*** DATA TO USE ***

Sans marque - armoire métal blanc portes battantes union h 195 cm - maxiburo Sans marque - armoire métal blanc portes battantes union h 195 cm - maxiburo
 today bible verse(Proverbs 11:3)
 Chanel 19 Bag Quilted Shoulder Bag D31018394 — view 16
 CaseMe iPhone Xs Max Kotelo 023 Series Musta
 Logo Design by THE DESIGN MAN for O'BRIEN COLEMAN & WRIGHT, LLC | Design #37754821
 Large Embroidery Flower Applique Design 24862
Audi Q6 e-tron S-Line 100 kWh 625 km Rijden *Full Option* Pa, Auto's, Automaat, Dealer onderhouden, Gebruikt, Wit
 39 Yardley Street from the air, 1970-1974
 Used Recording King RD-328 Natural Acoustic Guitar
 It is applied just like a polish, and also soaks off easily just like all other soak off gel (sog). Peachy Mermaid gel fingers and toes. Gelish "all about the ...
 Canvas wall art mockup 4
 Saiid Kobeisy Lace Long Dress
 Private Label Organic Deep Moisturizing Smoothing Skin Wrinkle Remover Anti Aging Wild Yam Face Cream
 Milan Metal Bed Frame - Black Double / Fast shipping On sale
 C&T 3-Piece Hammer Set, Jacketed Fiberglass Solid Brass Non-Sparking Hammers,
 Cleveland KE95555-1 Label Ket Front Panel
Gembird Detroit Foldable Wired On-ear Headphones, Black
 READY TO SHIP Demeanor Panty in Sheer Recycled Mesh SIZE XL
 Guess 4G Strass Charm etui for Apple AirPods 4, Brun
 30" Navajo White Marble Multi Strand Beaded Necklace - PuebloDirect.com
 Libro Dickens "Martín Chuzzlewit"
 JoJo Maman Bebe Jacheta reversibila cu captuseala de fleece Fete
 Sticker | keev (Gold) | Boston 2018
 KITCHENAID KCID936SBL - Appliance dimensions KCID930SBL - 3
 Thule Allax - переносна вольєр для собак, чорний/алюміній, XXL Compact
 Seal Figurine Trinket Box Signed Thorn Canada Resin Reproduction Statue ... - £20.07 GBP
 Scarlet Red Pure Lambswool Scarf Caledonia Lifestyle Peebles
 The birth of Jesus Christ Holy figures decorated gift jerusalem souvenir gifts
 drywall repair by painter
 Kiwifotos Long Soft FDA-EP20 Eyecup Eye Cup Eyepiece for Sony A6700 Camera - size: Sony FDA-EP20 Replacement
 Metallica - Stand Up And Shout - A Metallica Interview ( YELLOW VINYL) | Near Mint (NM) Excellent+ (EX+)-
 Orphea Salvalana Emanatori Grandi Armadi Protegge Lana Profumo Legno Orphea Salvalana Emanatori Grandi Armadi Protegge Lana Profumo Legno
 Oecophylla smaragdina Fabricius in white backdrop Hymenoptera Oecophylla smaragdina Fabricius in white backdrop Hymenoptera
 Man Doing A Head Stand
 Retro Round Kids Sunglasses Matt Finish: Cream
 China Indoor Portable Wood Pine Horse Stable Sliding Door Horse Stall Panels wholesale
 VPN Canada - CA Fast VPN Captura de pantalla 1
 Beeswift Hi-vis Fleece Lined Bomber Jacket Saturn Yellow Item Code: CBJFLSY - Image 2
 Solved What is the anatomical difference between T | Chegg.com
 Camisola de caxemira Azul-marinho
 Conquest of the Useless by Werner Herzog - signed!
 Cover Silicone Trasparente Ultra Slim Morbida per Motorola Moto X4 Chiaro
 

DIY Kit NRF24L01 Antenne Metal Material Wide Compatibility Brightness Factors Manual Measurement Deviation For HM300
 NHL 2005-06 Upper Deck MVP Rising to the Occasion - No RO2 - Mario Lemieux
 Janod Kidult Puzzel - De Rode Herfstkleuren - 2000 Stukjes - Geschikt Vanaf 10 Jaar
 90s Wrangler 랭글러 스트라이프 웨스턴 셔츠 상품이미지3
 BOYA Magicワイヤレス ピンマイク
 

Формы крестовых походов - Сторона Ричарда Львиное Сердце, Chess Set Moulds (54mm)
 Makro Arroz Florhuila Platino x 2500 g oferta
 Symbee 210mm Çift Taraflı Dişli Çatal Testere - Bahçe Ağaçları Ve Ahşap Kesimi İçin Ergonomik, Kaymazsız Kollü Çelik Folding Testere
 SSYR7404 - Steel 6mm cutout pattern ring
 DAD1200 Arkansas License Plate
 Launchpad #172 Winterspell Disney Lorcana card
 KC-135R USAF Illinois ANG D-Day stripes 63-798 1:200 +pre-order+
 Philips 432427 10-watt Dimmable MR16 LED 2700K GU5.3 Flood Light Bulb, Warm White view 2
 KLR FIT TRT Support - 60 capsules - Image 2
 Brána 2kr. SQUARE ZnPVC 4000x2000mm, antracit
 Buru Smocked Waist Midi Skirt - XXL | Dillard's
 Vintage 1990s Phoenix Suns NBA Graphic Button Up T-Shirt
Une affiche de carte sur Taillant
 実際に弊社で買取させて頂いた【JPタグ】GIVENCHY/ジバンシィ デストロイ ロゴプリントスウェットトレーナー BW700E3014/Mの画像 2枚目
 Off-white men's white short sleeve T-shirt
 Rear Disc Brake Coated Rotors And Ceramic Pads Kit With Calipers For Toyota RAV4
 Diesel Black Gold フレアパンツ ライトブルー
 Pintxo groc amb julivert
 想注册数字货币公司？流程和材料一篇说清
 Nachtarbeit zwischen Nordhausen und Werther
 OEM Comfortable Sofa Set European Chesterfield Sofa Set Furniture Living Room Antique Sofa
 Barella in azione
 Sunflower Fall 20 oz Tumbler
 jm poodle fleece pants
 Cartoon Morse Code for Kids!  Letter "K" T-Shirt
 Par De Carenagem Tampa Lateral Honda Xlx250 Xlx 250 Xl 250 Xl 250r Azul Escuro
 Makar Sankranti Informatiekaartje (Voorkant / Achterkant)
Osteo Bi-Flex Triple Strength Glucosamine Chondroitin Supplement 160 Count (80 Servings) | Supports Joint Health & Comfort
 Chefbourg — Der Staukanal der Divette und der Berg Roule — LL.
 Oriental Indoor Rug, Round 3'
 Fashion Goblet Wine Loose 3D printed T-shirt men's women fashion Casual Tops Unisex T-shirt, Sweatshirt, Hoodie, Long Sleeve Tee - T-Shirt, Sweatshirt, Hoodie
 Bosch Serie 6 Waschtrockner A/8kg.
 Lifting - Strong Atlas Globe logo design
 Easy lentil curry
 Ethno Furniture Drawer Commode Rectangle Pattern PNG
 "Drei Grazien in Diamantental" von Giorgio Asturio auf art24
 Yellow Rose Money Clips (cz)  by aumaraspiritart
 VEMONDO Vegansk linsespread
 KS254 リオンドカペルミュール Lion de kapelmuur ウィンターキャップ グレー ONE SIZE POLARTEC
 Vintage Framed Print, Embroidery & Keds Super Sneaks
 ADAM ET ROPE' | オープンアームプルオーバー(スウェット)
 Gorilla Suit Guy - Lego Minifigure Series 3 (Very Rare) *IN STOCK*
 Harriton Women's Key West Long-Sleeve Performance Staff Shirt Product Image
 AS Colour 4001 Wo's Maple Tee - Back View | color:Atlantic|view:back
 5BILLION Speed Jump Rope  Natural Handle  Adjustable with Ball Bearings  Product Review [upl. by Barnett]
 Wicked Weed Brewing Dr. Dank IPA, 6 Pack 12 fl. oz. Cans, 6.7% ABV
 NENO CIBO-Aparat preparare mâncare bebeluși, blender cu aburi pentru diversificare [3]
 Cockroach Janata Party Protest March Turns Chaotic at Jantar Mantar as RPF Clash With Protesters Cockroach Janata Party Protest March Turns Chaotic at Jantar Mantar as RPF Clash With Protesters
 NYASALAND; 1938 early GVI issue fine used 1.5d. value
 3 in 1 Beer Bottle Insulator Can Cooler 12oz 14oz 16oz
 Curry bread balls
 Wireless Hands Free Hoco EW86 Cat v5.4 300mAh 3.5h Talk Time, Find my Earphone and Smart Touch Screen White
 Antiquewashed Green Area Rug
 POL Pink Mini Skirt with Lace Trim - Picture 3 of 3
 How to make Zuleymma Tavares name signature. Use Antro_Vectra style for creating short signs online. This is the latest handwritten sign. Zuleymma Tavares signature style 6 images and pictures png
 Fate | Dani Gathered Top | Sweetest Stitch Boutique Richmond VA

*** End of DATA TO USE ***

TASK OBJECTIVE |
"Long" is the word to look for; copy every line of the data that has it.

ANSWER FOR THIS EXERCISE |
 Saiid Kobeisy Lace Long Dress
 Kiwifotos Long Soft FDA-EP20 Eyecup Eye Cup Eyepiece for Sony A6700 Camera - size: Sony FDA-EP20 Replacement
 Fashion Goblet Wine Loose 3D printed T-shirt men's women fashion Casual Tops Unisex T-shirt, Sweatshirt, Hoodie, Long Sleeve Tee - T-Shirt, Sweatshirt, Hoodie
 Harriton Women's Key West Long-Sleeve Performance Staff Shirt Product Image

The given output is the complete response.